While the organizers have long considered the idea of expanding to a collective, it became especially pressing after the election of Donald Trump and subsequent falling in line of major media organizations and corporations. Several tech titans attended the inauguration, including Elon Musk, owner of Twitter/X, SpaceX, and Tesla; Jeff Bezos, founder of Amazon and owner of the Washington Post; Meta CEO Mark Zuckerberg; out Apple CEO Tim Cook; and Shou Chew, the CEO of TikTok, who all occupied the front row ahead of his cabinet members.
Over a dozen major companies have abandoned DEI initiatives, and Meta has taken it a step further by announcing new content rules that allow users to abuse LGBTQ+ people, including posts calling them “mentally ill” and denying the existence of transgender people. Part of GLM's mission is to address this by "seeing how we can utilize media advocacy to defend and protect our voices," Willis says.

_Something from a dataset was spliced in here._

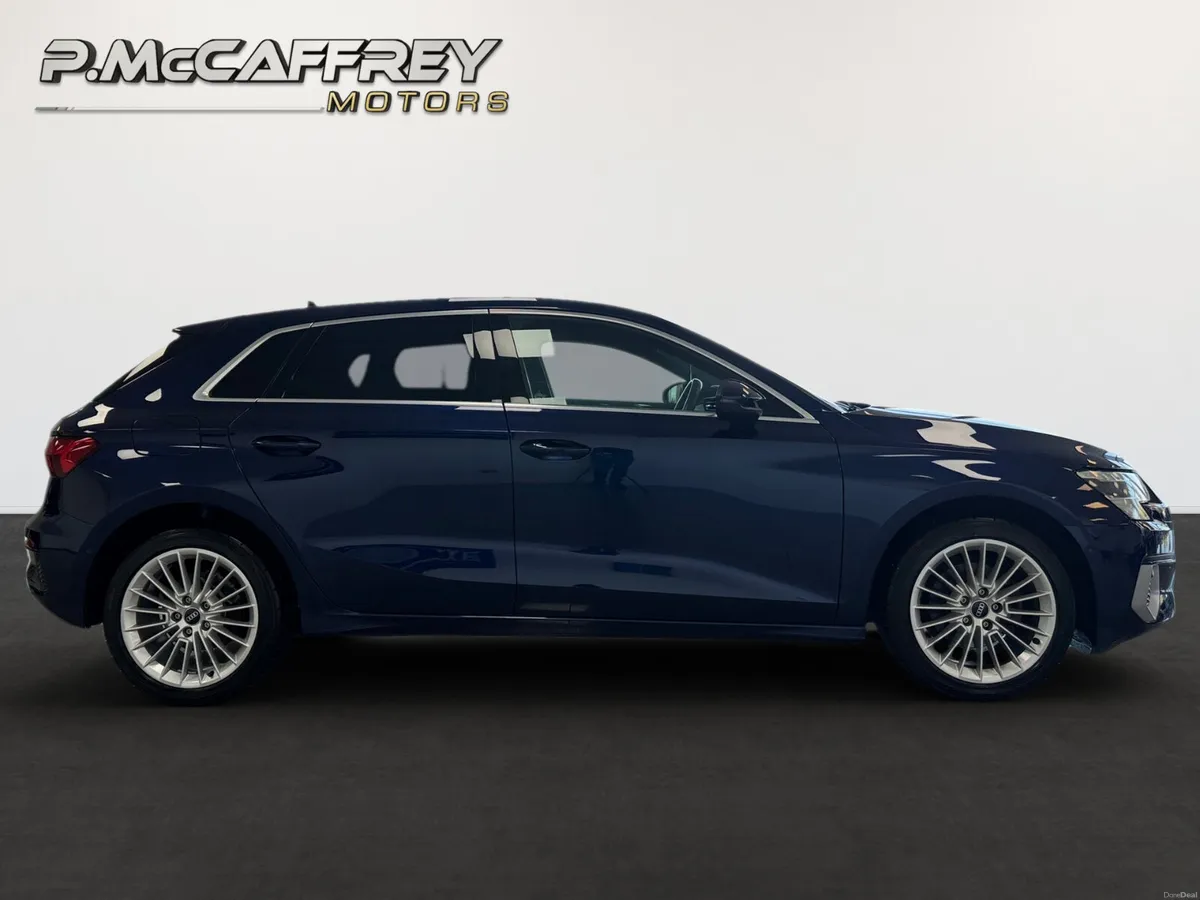 2022 AUDI A3 1.0 35 TFSI 150 BHP SE AUTO LEATHER - Image 4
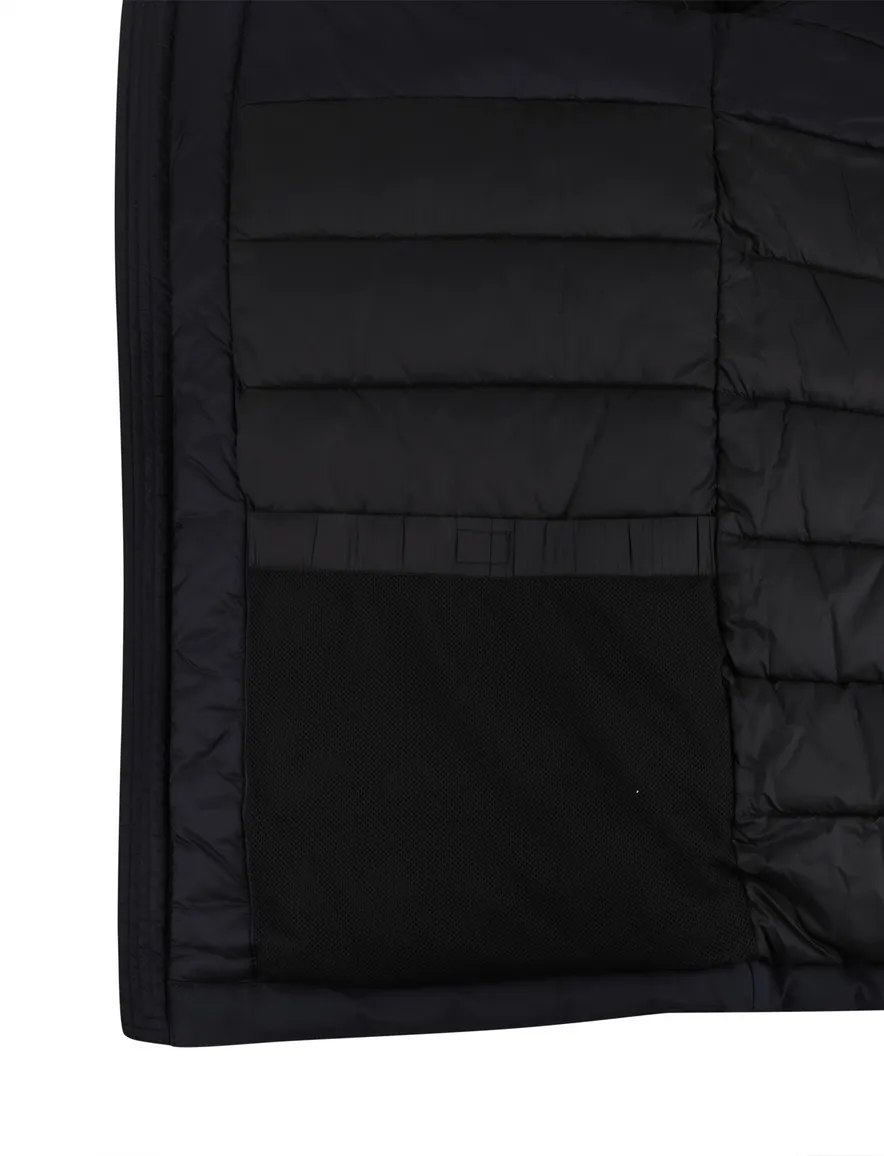 Brax winterjas navy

"We are seeing the increasing betrayal of social media platforms and traditional media platforms, particularly against folks who are marginalized, but of course against trans and queer folks," she continues. "We know that it's important to be the masters of our own narratives."
This also applies to electoral institutions, which the activists say have continuously failed to protect LGBTQ+ people. At a time when the president is denying their existence, Cruz specifically says that the "the majority of [Democrats] are not fiercely defending the lives of trans people."
"Especially underneath the Trump administration, but even under Dem leadership, we need to hold these individuals to a higher standard ... and not just accept a Republican-light agenda in policy and in how they view trans people," he says. "The era where we can accept a sentence here and there affirming lives of trans people is very much over."
Protesters during Gender Liberation Movement Capitol Bathroom action where Raquel Willis was arrestedAlexa B Wilkinson for GLM
Willis, who was arrested last month alongside whistleblower Chelsea Manning and over a dozen other activists while protesting Republicans' trans bathroom ban on Capital Hill, says that the very "fact that Donald Trump is the president is a failure of our democratic processes to safeguard our freedoms."
"It's clear for a lot of people that so many of the institutions we've relied on for as long as many of us can fathom have failed us," she adds. "What's going to be important over the next four years is for us to build the institutions and the collectives that are actually going to work for everyone. And it's going to be important that any agenda that is put forth speaks to the experiences of queer, trans, and intersex folks, and women, folks of color, and migrants in particular."
GLM is currently "looking for foundations and funders," Cruz says, emphasizing that "we're volunteer run and we're trying to become a full fledged organization." One of their upcoming events is a "Freedom to Be Quilt Panel-Making Event" with the ACLU in Brooklyn on Saturday, Feb. 1.
Willis stresses that the organization is not just for LGBTQ+ people or cisgender women, as "we are in an increasingly authoritarian era" rife with "attacks on bodily autonomy, and we all have a body."
"Gender liberation work is important because it taps into everyone's lives, not just queer and trans people, despite kind of the assumption that it's only about us," she says, adding, "This agenda that the Trump administration has already started to clarify this week makes it clear that so many groups on the margins are going to have to come together and see the connections between our experiences, rather than allowing them to tear us apart."